Pandas
While numpy deals only with homogeneous data types ( all numbers or all floats ), Pandas is heterogenous in dealing with data. Think of Pandas as a library that can deal with manipulating heterogenous data grids ( pretty much like excel )
Contents
Just enough Pandas
- Introduction
- Getting Started
- Dataframes
Introduction
Most data is heterogenous and tabular in nature. For example, look at the following data which shows some stats from google play store. There is text, numbers, floats etc.

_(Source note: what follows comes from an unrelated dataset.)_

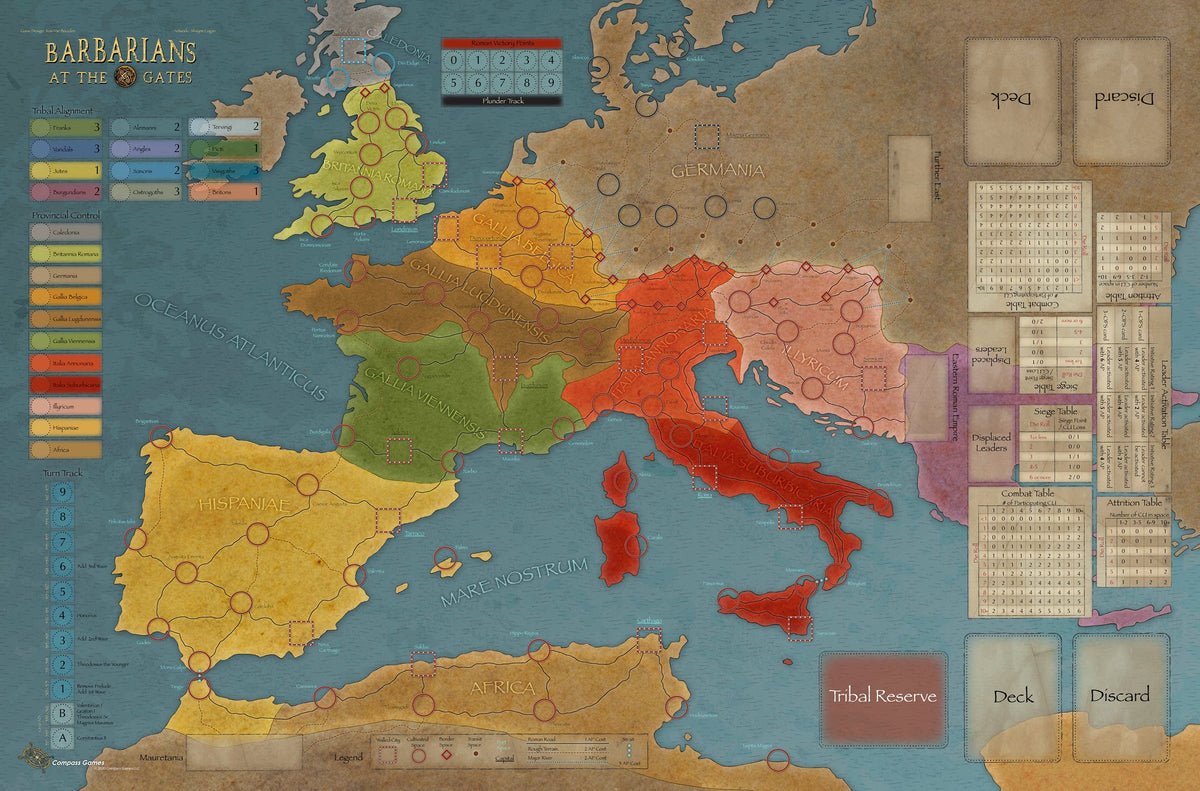 A Barbarians at the Gates board game map depicting Europe and North Africa with game tracks, tables, and card spaces for game components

numpy is not suited to manipulate this kind of data. For that we need Pandas
What is Pandas
Pandas is pretty much like a data manipulation tool ( think data munging, wrangling, preparation etc ) on a grid of data ( text, numbers, floats etc ). For example, if you look at the data grid above, and say you want to
Filter
- a particular category ( say only ART_AND_DESIGN )
- or all rows with Rating > 4.1
- or all rows where the category is ART_AND_DESIGN and rating > 4.1
Collapse or Group by
- and find how many rows are there in a particular category
- or find how many rows are there with Rating > 4.1
- or a combination of both
Read
- data from different formats ( excel, csv, SQL databases etc )
Handle
- missing data ( like NAs, blanks etc )
- erroneous data ( data that does not comply with the data type of the column ) etc
Manipulate
- combine data from different sources into one
- or split data into a set of rows or columns or both
- or extract a sub-set of data into another data frame ( say create a new data set only for category ART_AND_DESIGN)
- or slice the dataset based on a variety of parameters
- or insert/delete columns or rows from/to to the dataset
- Like add a new app category or delete the rating column
Think of Pandas as Excel on Steroids.
Why learn Pandas
In the context of Machine Learning and Python, Pandas is the gold standard in in-memory data management ( read or manipulate ). Written in C or Cython, Pandas is as fast as any C library in manipulating data. It is not uncommon for Pandas to comfortably handle large data sets ( around 5 to 10 GB ) without a hitch.
Our approach to Pandas
We will be using Pandas quite extensively in this Machine Learning course. However, we will cover most of the essential aspects of Pandas in this chapter and leave the more complicated options to later chapters where we would be encountering situations that would lead us to explore them. For now, we will keep it pretty simple and to small test datasets.
Getting Started
Installing Pandas
- pip
pip install pandas
If you are using Anaconda distribution, pandas is installed by default – you just have to enable it ( if necessary ). If you are just using the conda package manager for Python,
- conda
conda install pandas
You can verify if Pandas is already installed on your python installation using pip list.

Dataframes
A Data Frame is the main data structure in pandas. Think of a data frame as an excel grid. It is quite simply just rows and columns.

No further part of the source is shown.